International Journal of Communications Law and Policy

International Journal of Communications Law and Policy

Issue 1, Summer 1998

 

The Information Society Project at Yale Law School

 

This electronic Journal, in both form and substance, is evidence of the central role telecommunications technologies have come to play in every aspect of our public and private lives. We perceive ourselves to be, and we are, living in an era of tremendous change. It is almost impossible to pick up a magazine or browse the bookstores without reading of the "Cyber-Revolution" or the "Heralding of the Information Society." In 1997 Yale Law School created the Information Society Project (ISP) to study the dramatic evolution of telecommunications, mass media and virtual media and their impact on law and on democracy. The ISP, an intellectual center committed to the preservation and promotion of democratic values, focuses on the appropriate role of law in a competitive telecommunications environment and a global Information Society. Through teaching and research, lectures and conferences, the ISP examines the future of law and the processes by which legal rules and social norms are created in a digital - and sometimes virtual - world without boundaries.

Yale Law School has a long tradition of advanced research on the interrelationship between society and legal endeavor and has always striven to adapt the teaching of law and legal scholarship to social change. The Information Society Project, in addition to serving as a home for legal research, a center for policy advocacy, and a forum for bringing together important figures in the information industries with those in the information academy, will be a training-ground for a new generation of international cyber-literate legal scholars. The new program at Yale complements offerings from cyberlaw centers at Harvard and Berkeley.

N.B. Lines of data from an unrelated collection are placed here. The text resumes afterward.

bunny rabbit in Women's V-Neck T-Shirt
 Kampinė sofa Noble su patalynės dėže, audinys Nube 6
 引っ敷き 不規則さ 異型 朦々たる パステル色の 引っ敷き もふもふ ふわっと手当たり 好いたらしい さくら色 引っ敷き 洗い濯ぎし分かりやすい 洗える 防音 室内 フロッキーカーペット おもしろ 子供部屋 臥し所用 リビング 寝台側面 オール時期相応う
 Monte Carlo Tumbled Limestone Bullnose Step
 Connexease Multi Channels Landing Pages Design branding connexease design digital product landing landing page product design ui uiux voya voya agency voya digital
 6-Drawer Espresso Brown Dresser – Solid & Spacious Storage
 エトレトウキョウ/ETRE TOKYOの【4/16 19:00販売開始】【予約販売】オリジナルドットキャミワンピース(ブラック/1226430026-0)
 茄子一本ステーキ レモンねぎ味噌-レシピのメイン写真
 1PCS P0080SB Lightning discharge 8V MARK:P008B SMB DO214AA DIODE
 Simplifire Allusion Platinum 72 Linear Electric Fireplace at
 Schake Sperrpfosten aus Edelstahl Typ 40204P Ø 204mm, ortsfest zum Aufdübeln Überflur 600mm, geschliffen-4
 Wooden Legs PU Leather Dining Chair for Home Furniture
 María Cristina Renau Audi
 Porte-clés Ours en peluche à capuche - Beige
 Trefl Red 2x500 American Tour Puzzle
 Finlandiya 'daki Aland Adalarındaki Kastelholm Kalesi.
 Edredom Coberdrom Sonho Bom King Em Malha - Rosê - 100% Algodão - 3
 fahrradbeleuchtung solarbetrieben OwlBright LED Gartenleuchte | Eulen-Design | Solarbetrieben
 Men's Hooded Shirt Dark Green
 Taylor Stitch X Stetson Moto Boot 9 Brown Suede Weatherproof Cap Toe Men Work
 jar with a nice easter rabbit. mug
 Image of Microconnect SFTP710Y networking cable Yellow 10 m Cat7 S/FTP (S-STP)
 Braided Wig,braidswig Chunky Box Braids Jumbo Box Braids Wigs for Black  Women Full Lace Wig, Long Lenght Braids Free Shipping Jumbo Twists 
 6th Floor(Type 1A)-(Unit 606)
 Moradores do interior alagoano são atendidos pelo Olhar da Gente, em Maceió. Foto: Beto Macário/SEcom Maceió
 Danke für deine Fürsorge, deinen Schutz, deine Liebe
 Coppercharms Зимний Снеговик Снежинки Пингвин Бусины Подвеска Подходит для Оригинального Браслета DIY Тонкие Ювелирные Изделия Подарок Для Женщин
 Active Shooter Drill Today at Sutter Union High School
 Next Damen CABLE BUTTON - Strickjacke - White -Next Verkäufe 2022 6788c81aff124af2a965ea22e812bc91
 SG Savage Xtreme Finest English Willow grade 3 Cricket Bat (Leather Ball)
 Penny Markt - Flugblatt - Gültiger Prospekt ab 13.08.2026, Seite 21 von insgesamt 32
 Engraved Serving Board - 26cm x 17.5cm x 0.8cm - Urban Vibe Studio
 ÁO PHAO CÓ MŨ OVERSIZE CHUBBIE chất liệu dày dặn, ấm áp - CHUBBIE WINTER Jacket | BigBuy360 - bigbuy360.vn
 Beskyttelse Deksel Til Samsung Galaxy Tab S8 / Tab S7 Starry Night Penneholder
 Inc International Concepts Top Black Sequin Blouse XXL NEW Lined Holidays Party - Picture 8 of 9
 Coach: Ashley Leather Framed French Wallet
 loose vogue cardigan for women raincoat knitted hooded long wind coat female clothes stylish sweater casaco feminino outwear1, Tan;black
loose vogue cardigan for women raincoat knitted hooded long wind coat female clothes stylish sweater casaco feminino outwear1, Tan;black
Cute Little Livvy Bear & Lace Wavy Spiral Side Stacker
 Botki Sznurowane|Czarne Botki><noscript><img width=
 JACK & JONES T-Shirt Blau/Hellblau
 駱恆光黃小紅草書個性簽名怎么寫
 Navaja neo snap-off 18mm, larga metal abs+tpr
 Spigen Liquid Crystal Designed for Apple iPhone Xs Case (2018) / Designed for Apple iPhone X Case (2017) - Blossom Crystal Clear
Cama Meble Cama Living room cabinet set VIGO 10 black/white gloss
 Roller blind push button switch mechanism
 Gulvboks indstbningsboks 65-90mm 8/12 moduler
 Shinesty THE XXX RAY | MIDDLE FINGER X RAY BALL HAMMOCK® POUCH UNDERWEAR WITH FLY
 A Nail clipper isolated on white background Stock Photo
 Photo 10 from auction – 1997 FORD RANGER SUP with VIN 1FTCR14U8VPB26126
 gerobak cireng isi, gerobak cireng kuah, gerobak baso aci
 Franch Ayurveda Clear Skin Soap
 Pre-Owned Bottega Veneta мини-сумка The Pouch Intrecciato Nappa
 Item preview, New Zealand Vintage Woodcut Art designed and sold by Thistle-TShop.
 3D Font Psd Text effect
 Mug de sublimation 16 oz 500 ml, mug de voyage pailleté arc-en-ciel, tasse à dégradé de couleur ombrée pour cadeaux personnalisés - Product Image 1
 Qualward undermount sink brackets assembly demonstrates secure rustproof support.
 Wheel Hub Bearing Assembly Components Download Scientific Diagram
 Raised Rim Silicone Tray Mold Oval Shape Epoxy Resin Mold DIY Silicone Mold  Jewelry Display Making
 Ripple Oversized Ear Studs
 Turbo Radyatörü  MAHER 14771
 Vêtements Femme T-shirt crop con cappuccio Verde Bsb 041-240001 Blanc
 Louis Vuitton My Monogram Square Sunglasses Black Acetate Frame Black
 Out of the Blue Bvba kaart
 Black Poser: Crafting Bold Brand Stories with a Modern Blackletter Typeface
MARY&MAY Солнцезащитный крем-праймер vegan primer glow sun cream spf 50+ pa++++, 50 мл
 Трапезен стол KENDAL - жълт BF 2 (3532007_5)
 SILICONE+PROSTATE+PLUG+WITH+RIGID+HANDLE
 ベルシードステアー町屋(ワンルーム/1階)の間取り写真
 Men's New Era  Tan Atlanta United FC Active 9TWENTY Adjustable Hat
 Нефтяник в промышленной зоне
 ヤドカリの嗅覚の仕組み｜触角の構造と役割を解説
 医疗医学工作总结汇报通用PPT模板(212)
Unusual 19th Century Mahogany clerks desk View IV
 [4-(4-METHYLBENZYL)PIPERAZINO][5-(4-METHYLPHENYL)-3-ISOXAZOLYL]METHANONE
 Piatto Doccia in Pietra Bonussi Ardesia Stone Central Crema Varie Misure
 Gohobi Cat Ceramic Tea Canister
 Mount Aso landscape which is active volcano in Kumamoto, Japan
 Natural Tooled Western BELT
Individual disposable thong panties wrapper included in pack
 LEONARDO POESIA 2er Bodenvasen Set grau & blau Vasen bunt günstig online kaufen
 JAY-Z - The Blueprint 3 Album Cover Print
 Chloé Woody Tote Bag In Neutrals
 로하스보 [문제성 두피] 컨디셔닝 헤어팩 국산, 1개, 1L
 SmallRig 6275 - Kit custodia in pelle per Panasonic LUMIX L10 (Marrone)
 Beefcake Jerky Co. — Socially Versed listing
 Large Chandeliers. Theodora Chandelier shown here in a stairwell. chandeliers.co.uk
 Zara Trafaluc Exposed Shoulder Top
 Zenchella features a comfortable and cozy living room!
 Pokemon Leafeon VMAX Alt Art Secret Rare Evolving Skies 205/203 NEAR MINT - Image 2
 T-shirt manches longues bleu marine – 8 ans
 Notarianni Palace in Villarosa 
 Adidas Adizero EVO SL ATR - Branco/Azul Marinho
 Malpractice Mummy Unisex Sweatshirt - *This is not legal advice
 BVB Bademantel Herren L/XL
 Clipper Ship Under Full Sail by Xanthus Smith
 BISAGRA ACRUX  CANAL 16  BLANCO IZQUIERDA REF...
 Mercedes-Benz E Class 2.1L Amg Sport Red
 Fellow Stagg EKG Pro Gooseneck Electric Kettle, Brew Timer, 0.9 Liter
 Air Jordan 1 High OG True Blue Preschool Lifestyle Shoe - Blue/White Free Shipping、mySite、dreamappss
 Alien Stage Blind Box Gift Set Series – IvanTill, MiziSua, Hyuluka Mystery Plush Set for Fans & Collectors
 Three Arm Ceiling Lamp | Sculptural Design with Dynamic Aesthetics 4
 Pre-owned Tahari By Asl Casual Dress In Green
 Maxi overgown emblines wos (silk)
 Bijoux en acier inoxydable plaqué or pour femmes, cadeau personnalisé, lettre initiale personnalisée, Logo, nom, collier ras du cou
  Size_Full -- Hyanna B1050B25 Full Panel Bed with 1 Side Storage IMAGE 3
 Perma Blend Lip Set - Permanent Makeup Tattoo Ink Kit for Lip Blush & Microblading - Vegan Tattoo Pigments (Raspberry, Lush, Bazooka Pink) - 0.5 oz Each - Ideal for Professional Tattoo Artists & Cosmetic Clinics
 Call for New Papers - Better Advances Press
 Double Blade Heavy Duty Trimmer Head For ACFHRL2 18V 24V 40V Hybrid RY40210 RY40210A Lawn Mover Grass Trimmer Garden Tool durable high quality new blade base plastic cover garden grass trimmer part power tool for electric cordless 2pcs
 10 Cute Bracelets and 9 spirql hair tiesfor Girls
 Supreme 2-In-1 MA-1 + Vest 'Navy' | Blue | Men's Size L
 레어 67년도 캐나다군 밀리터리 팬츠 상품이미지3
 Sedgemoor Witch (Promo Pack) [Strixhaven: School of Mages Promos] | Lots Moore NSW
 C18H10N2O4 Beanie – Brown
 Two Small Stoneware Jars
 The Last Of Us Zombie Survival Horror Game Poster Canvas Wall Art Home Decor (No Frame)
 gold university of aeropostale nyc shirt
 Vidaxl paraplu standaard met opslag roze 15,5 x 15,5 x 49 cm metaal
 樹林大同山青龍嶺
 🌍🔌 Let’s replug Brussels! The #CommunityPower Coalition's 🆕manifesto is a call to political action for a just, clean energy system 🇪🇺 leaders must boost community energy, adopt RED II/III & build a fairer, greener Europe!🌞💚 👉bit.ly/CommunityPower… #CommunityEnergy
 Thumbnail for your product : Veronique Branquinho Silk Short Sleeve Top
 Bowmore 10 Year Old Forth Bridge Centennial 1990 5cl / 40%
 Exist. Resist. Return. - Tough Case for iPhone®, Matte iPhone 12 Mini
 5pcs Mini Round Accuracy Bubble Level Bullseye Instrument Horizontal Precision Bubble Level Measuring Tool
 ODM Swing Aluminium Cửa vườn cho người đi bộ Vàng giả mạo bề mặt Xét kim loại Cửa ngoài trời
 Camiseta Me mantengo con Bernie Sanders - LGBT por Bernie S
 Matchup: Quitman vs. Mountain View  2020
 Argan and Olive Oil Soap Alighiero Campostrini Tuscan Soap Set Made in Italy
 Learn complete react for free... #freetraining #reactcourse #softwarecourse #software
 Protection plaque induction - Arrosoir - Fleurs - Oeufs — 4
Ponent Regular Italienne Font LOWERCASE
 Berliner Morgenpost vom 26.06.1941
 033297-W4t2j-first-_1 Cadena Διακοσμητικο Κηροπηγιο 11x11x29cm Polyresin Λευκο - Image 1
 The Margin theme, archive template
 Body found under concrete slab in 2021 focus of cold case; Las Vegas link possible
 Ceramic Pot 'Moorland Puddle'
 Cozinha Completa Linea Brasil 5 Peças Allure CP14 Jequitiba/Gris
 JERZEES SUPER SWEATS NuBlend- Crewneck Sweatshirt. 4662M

The Project, led by Knight Professor of Constitutional Law, J.M. Balkin, sponsors the work of two post-graduate fellows whose research includes topics in democratic theory, intellectual property, comparative, constitutional and regulatory law as well as on the law and economics of the Internet. The CyberLaw Roundtable, in conjunction with the Electronic Frontier Foundation (EFF), a well-known public interest group promoting cyber-rights and electronic civil liberties, brings together political advocates with law students in monthly seminars. Together with its affiliated student organization, the Yale Law and Technology Society, the ISP invites speakers such as former FCC Chairman Reed Hundt, Patent Commissioner Bruce Lehman and Professor Paul Resnick, one of the designers of the PICS filtering standard which is at the center of the debate over filtering indecent speech on the Internet.